Quelle a été votre première intention quand vous avez commencé à penser et écrire ce roman ?
Marie Semelin L'idée de départ a été de réhumaniser cette terre car elle est souvent évoquée en utilisant un vocabulaire désincarné et des mots techniques. Il s'agissait avec ce roman de rendre ce territoire tangible, de le faire ressentir physiquement et de raconter à quoi ressemblent les gens qui y vivent.
Pouvez-vous nous parler de vos deux personnages, Simone et Anna, et nous décrire leur personnalité et leur lien ?
M. S. Madame Simone a plus de 70 ans et est d'origine juive marocaine. Elle vit à Paris et partage son appartement en colocation avec Anna, une jeune femme de 26 ans. Un lien d'amitié va se tisser entre les deux femmes. Madame Simone va faire promettre à Anna, au moment de son décès, de la faire enterrer à Jérusalem. Sauf qu'elle va choisir de ne pas respecter cette volonté. Le roman va ainsi être un itinéraire croisé car Anna va partir sur les traces de Madame Simone.
Votre livre est un roman post 7 octobre 2023. Vous vous emparez d’un sujet qui divise dans un contexte hautement inflammable avec une habilité époustouflante. Vous marchez sur une ligne de crête et vous évitez tous les écueils, peut-être car vous restez à hauteur de personnages. Qu'en pensez-vous et avez-vous eu des craintes d’aborder un tel sujet ?
M. S. Je ne vais pas vous dire que j'étais à l'aise car ce serait inconscient de l'être. Mais c'est un projet de roman que j'avais avant le 7 octobre. Après le massacre et avec ce qu'il se passe à Gaza, l'écriture est devenue d'une urgence absolue.
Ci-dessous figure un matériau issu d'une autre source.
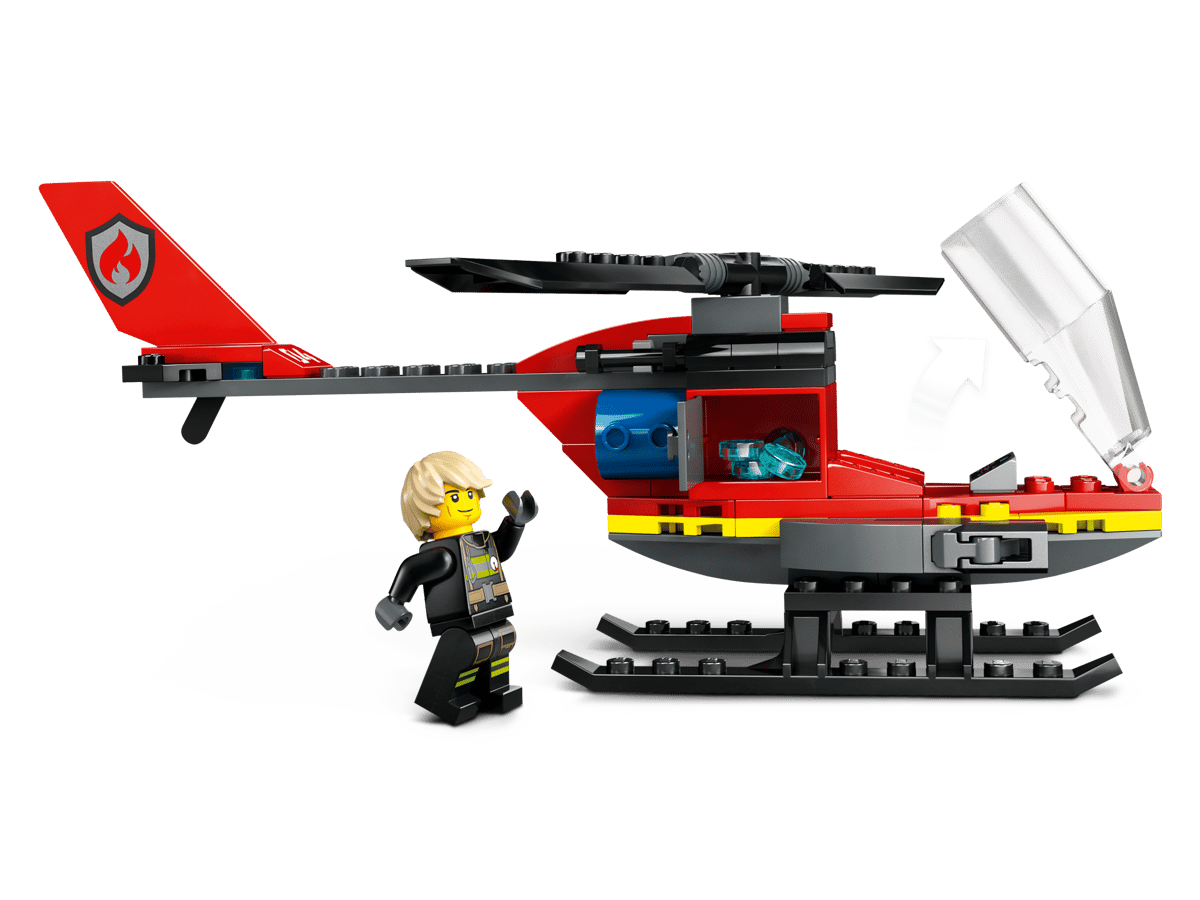 LEGO CITY FIRE HELICÓPTERO DE RESCATE DE BOMBEROS - Imagen 3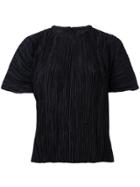 Haider Ackermann Short Sleeve Pleated Top - Black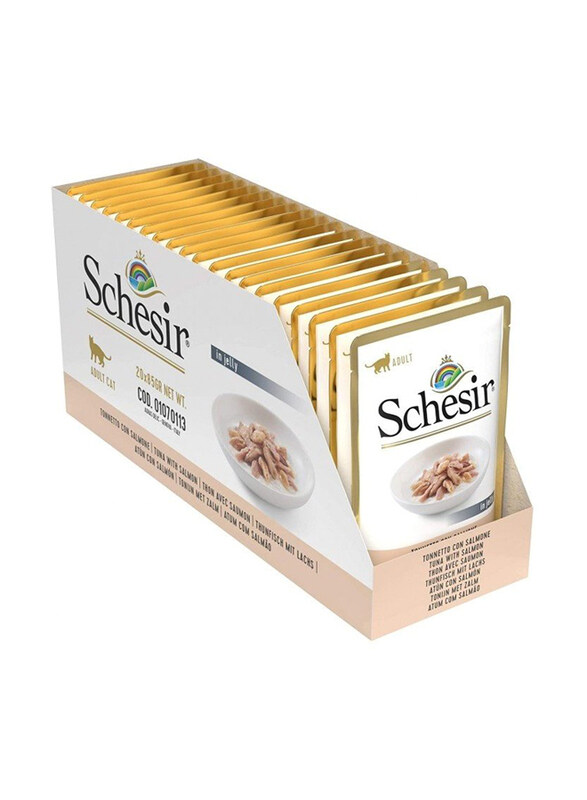 

Schesir Jelly Tuna with Salmon Wet Cat Food, 10 x 85g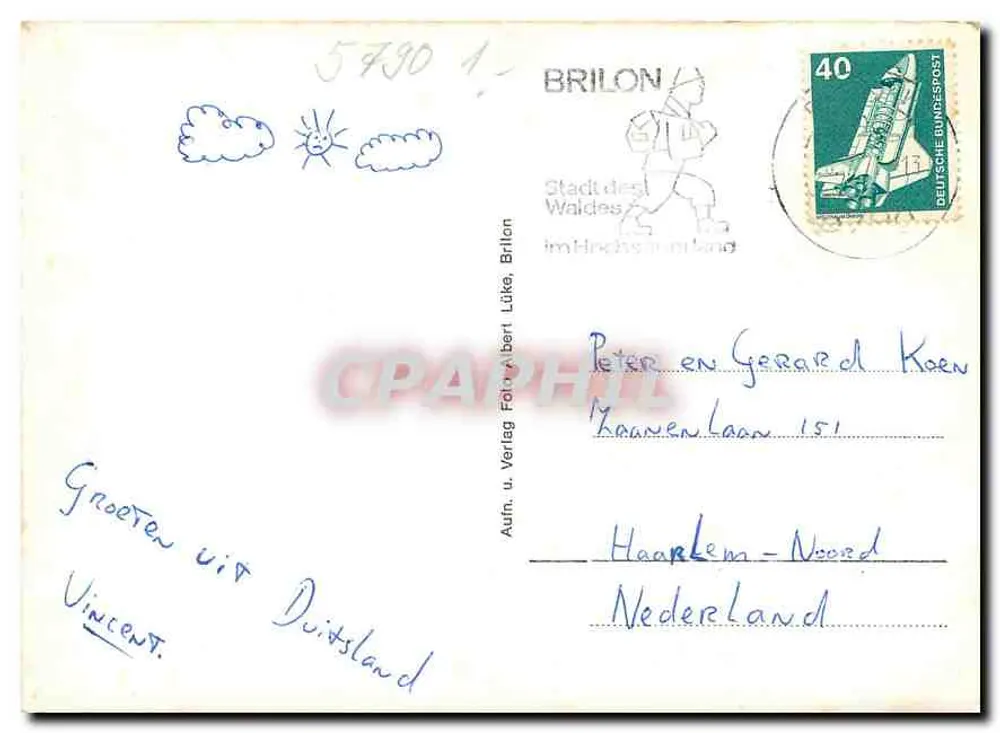 बिर्नौ — बिर्लोन पर दृश्य, होचसौएरलैंड — प्रकाशक A. u. Verlag Föhrbert Lüke - पीछे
J'avais un besoin intime de me replonger dans ce qui fait l'humain, dans ce qui fait que l'on est tous des êtres complexes et sensibles. Ce qui se passe est tellement atroce : j'avais envie de redonner du romanesque à cet endroit qui souvent est cantonné à l'horreur de l'actualité. J'espère que ce roman pourra réhumaniser des gens pour lesquels on ne ressent pas forcément d'empathie.
Votre roman se déroule en partie à Jérusalem et en Cisjordanie. On sent à la lecture une connaissance intime de ces territoires. Vous êtes journaliste, spécialiste du Moyen-Orient, comment votre métier a nourri ce texte ?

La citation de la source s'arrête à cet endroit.